● **Exercise prompt**
Please output only the lines running from the one that contains "Elegant Light Gauze" through the last line of the data below, exactly as they stand, with no pictures.

● **Data segment**
──────

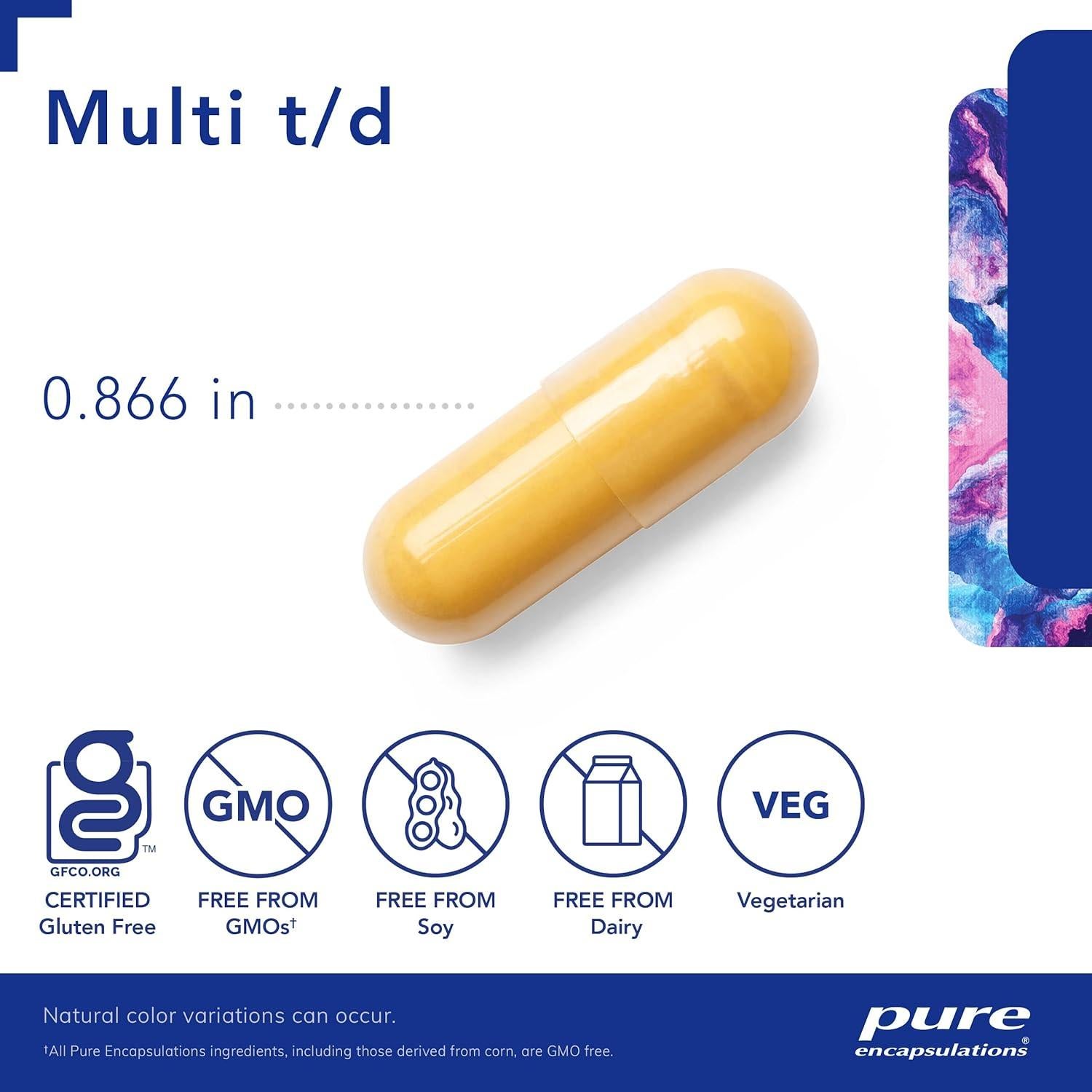 Suplemento Multivitamínico y Mineral Pure Encapsulations 60 Cápsulas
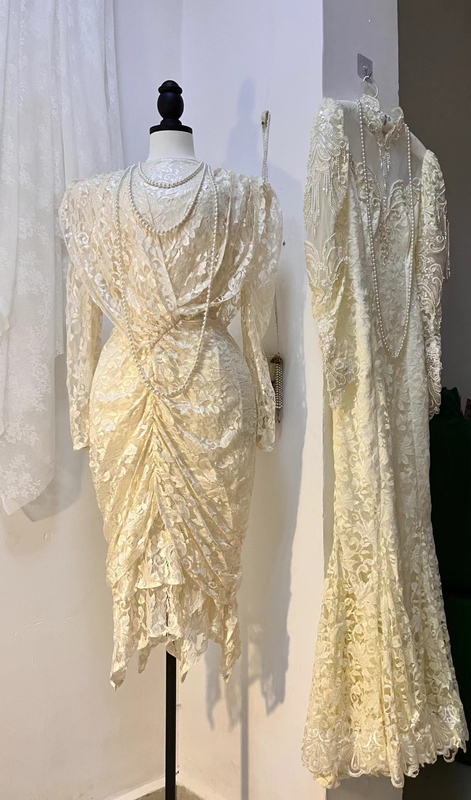 [033] "Rose Garden" 80S Gatsby-Style Dress Wedding Dress Vintage Fishtail Elegant Light Gauze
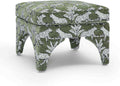 Tov Furniture Raji Jacquard Ottoman (Olive Green Leopard)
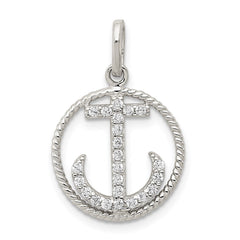 Sterling Silver Rhodium-plated Polished CZ Anchor Pendant QC8997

──────

● **Answer section**
 [033] "Rose Garden" 80S Gatsby-Style Dress Wedding Dress Vintage Fishtail Elegant Light Gauze
 Tov Furniture Raji Jacquard Ottoman (Olive Green Leopard)
 Sterling Silver Rhodium-plated Polished CZ Anchor Pendant QC8997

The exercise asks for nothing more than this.